More than three quarters (77 per cent) of financial services decision-makers think artificial intelligence (AI) will play the biggest role in revolutionising the industry in the next five years, according to new research.

A survey of more than 500 financial services executives in the EMEA region for Intertrust, an administrative services provider, revealed that 65 per cent believe that so-called disruptive technologies such as AI, blockchain and robotics will have a positive impact on their business operations, particularly in driving back-end efficiencies in areas such as Know Your Customer (KYC) reporting, due diligence and compliance.

Despite this optimism, just a third of those asked said they are deploying new technologies in their business.

AI was expected to be the most transformative technology for business in the next five years, ahead of blockchain (56 per cent) and robotics (27 per cent).

AI and its application through machine learning is being increasingly used to automate processes such as credit decision-making and customer interaction, as well as help detect fraud, money laundering and even terrorist activity.

But, despite the transformational impact brought about by new technology, less than one in five (18 per cent) of financial services professionals think it represents an existential risk to their business.

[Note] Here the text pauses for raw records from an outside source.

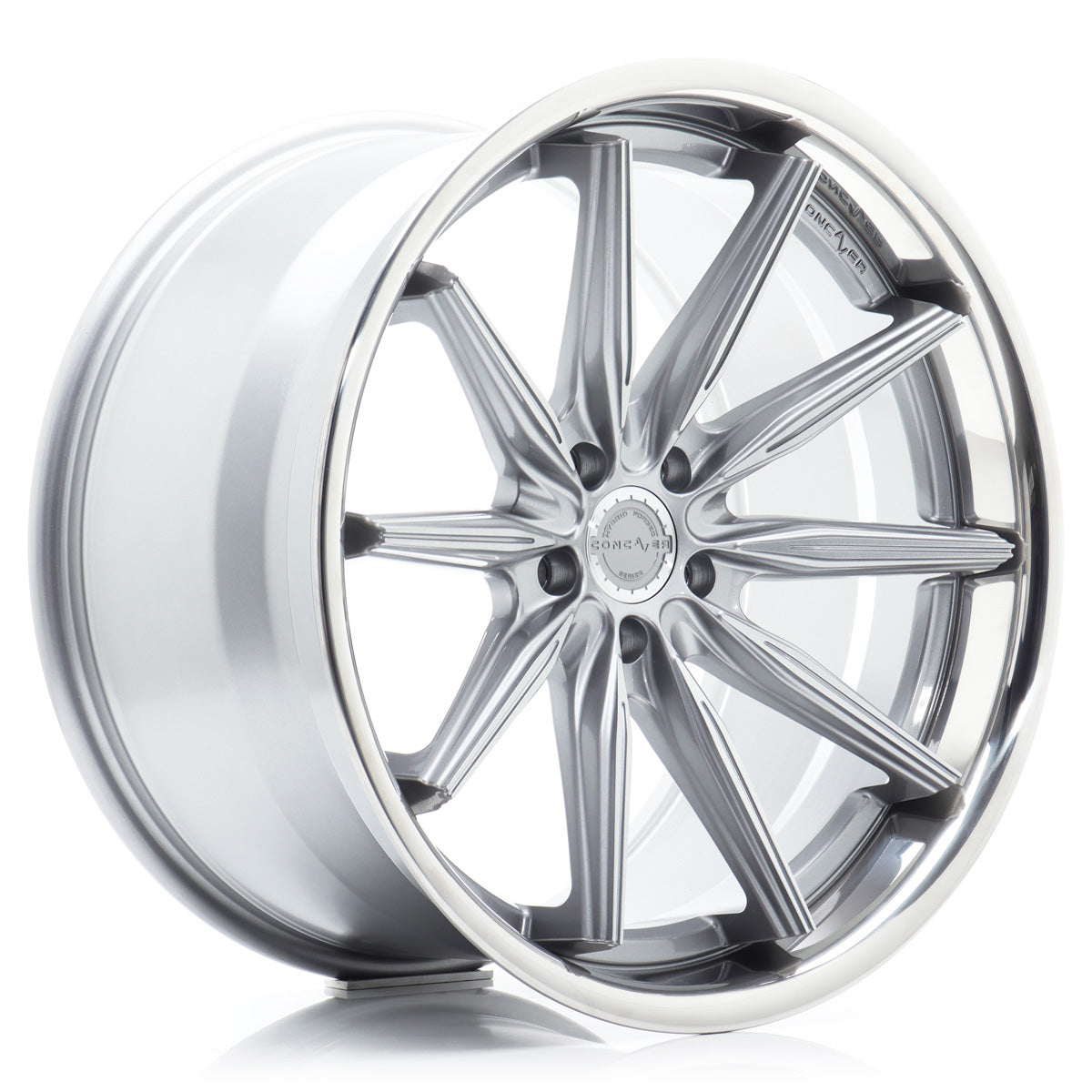 Concaver CVR8 wheel, brushed titanium finish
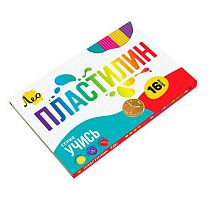 Пластилин 16цв.,320гр. Лео "Учись" LNMC-0116 к/к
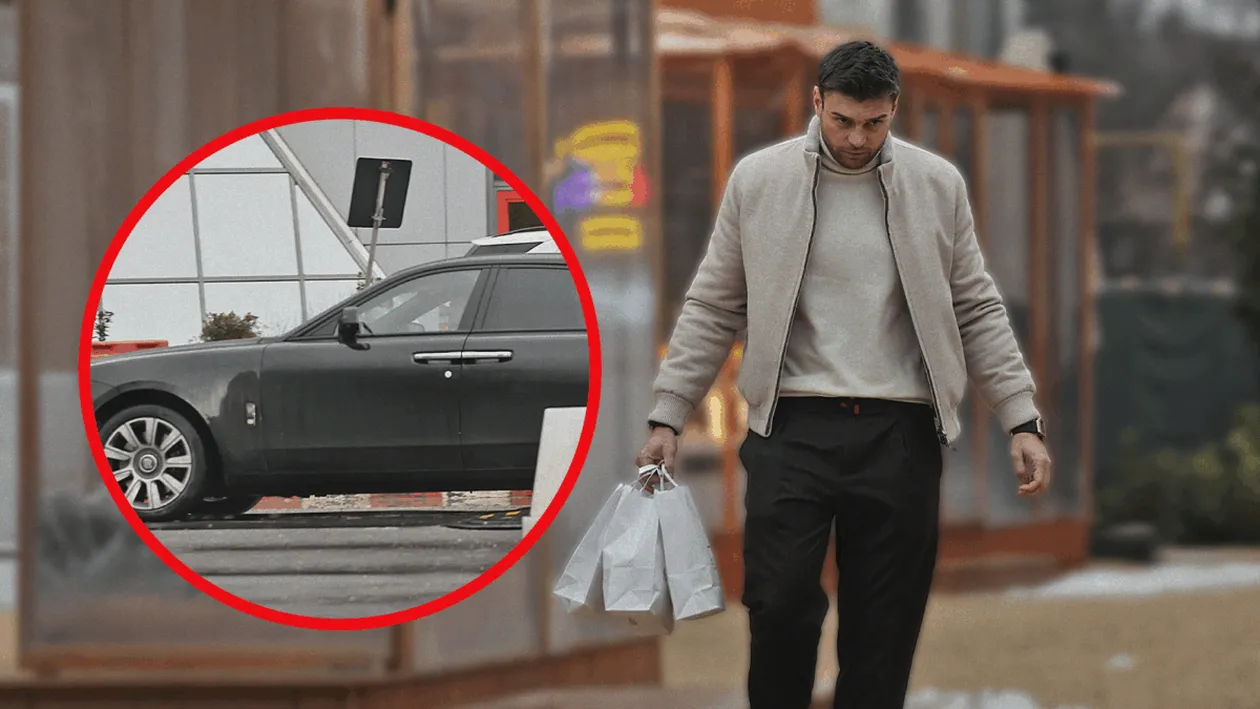 Cum arată o ieșire „normală” pentru ginerele lui Gigi Becali. Mihai Mincu s-a dus după pâine în Rolls-ul de 1,5 milioane € și ceas de 200.000 € la mână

However, 69 per cent of respondents believe that the increased use of AI, blockchain and robotics will mean that accounting roles will either be replaced entirely or dramatically changed. Operations (68 per cent) and compliance roles (60 per cent) are also likely to be replaced or heavily altered.

The organisations best equipped to adopt new and disruptive technologies, and furthest down the road in digital transformation programmes, were those focussed on capital markets, with 51 per cent saying that AI, blockchain and robotics are already being integrated into business functions.

This is compared to an average of a third across all financial sectors who say they are already some way down to road to adopting new technology, with the private wealth industry the least well-equipped (17 per cent).

Stephanie Miller, chief executive of Intertrust, said that with the hype surrounding disruptive technology in the financial sector, it is easy to lose sight of reality.

“The findings from this study suggests that while the industry is positive towards new technology such as AI, blockchain and robotics only a minority of firms are currently putting it to use and the speed of travel remains cautious.”